Modelling mega-recharge schemes
Numerical computer models can be used to provide scientific evidence to help to inform decisions surrounding the design of recharge schemes. Models can be used to assess the potential consequences, both positive and negative impacts, of different approaches to mega-recharge. The Coastal Evolution Model (CEM) is an exploratory model which simulates alongshore sediment transport. It allows for the exploration of shoreline change in response to management strategies. A CEM has been applied along the Dungeness shoreline, south east England, to investigate the potential evolution of a hypothetical gravel intervention over 3 shoreline management planning epochs: present day (0-20 years), medium term (20-50 years) and long term (50-100 years) (Brown et al. 2016; Phelps et al. 2015). Six hypothetical gravel interventions were shown to limit alongshore sediment drift causing increased down-drift erosion over the short term (> 25 years) with longer term impact (> 50 years) being mostly beneficial across the frontage or at least negligible.
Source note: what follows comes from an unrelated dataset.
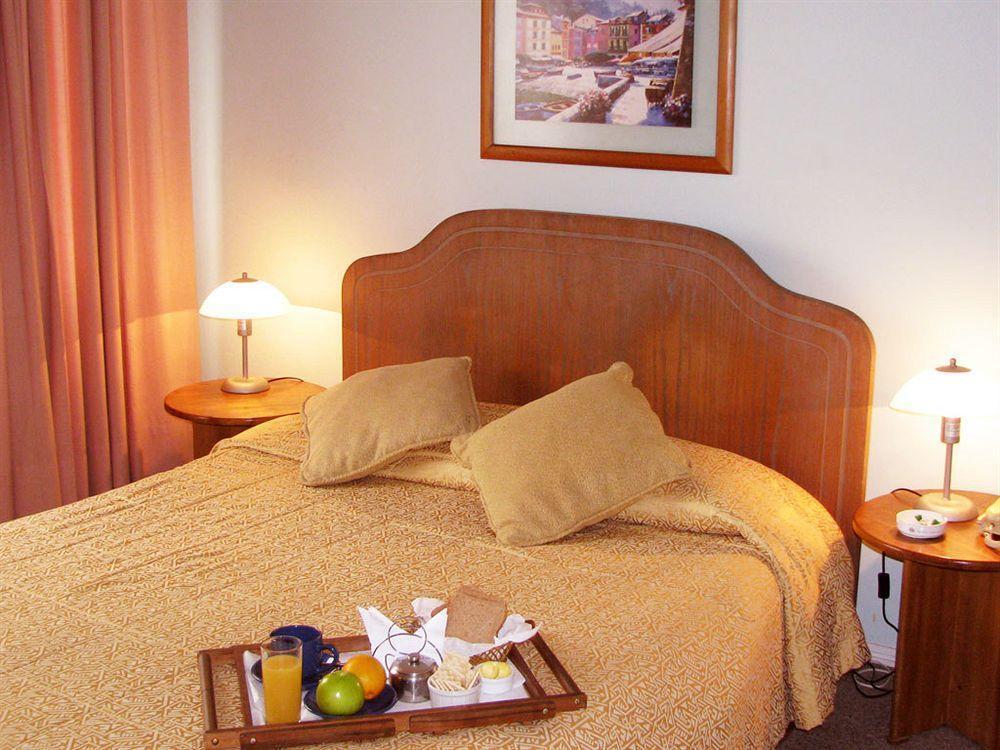 Hotel Dacarlo 산티아고 외부 사진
Scenario B: No additional intervention
Scenario S1: Recurved spit positioned to the west (55 ha)
Scenario S2: Recurved spit positioned off centre towards the east (55 ha)
Scenario S3: Recurved spit positioned to the east (55 ha)
Scenario M: Multi-location recurved spits located at S1-S3 (165 ha)
Scenario L: Large recurved spit positioned off centre towards the east (270 ha)
There is the potential to apply this research worldwide, to explore where to focus beach recharge and explore the size of beach mega-recharge schemes in order to address problems of coastal erosion and/or flood risk. Implementing a similar research strategy using models such as COVE, Delft3D, X-Beach or CEM for complex, dynamic coastlines can help to identify the positive (beach widening) and negative impacts (inhibited sediment drift) of different mega-recharge designs and aggregate sizes (or combinations of aggregates). Models, such as FV-COM, Delft3D and LISFLOOD-FP, can also be used to investigate changes in coastal hydrodynamics, to assess current flood risk, and to evaluate likely future flooding due to sea-level rise or from extreme events (storms, hurricanes, tsunamis etc.)
In addition to modelling tools, monitoring technologies such as radar, fixed and video camera, drones (UAV) and instrument deployments enable the results of beach recharge schemes to be tracked to ensure the delivery of intended goals and to reveal and address any unintended consequences.
The results of modelling and monitoring can be fed into Decision-Support Systems (DSS) or Decision-Support Tools (DST), such as those developed though the ARCoES project, to help identify where and when interventions are best made.